Avant de plonger dans les textes, les impressions auditives nous placent dans un cocon très particulier, où l’émotion se fait vibrante, oppressante, libératrice, le tout séparément ou conjointement. L’impact émotionnel est aussi vaste qu’un océan ou qu’un incendie dans la garrigue. Il ravage tout, nous porte à la lisière des larmes, à ceux de la colère aussi, d’un claquement de doigt, d’une corde vocale à l’autre.
L’album souffle le chaud et le froid, l’organique et le numérique, la bluette vaporeuse vaguement ethnique (Les bras des torrents) et l’âpreté industrielle (la première partie de Rouge sang par exemple). Nos sens sont bousculés, se mettent parfois en PLS pour mieux se remettre, fièrement, sur leurs jambes. L’alternance voix féminine (Jessica Martin-Maresco au chant, Olivia Nicosia aux interludes spoken word) et masculine (Benjamin Nerot aux inflexions parfois proches de celle de Serge Gainsbourg) contribue à rendre vivant ce récit indémodable, car hors mode.

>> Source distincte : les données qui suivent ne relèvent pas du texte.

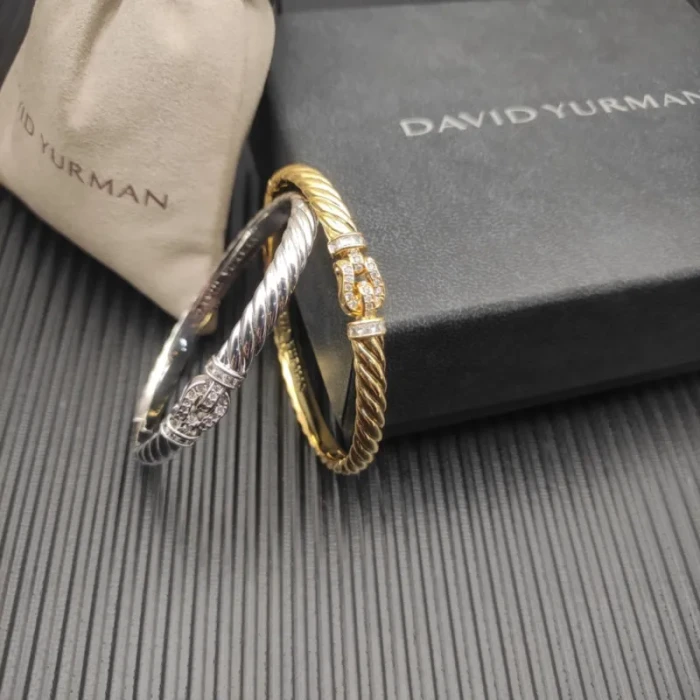 David Yurman 6.2mm Gold Pavé Hook Clasp Engraved Wave Bracelet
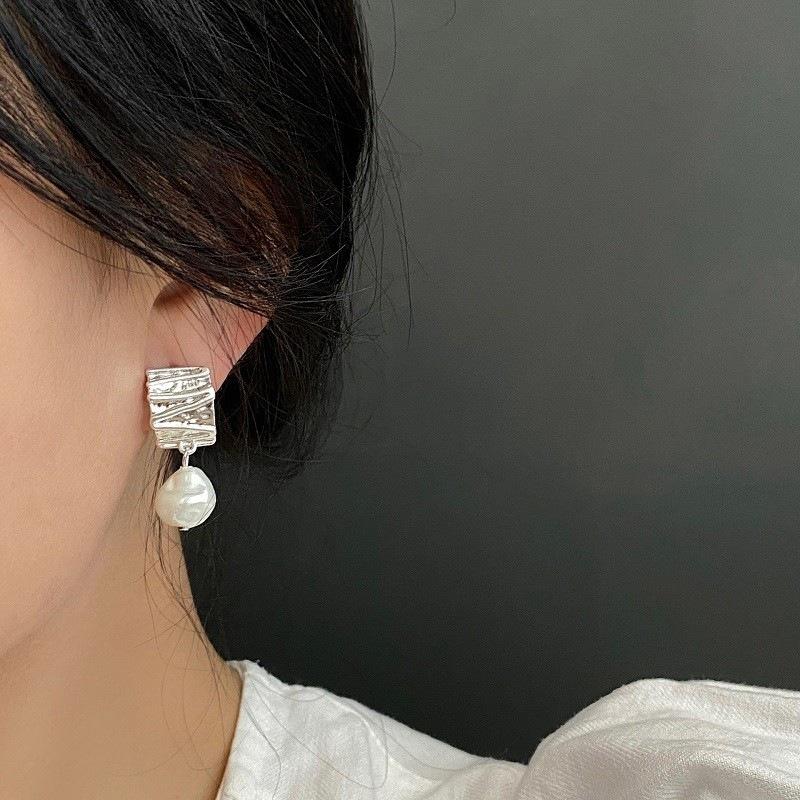 925 Silver Drop Earrings Hoop Pearl Leaf Vintage Irregular For Women Girl Gift Fashion Jewelry Dropship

L’amour, ses affres, ses turpitudes, ses hauts, très hauts, et ses bas, très bas, le combat des amants qui se déchirent, qui se réconcilient, qui s’oublient l’un dans l’autre et qui s’oublient tout simplement, en arrive à leur propre négation. Tout n’est pas rose au domaine du sentiment amoureux, La mémoire du feu (celui de la passion), en est la preuve.
Musique en équilibre précaire.
Malgré la grande diversité des styles musicaux abordés, la cohérence et de rigueur. Qu’il s’agisse de chanson française (Les galions oubliés, Les bras des torrents), le post rock (L’absolu), le spoken word (Les amants d’antan, La chute infinie du vide, La mémoire du feu), tout s’imbrique à la perfection, déroule une esthétique ultra précise, à la production pointue. Le travail sur le son est impressionnant, crée des images de film noir avec une déconcertante facilité.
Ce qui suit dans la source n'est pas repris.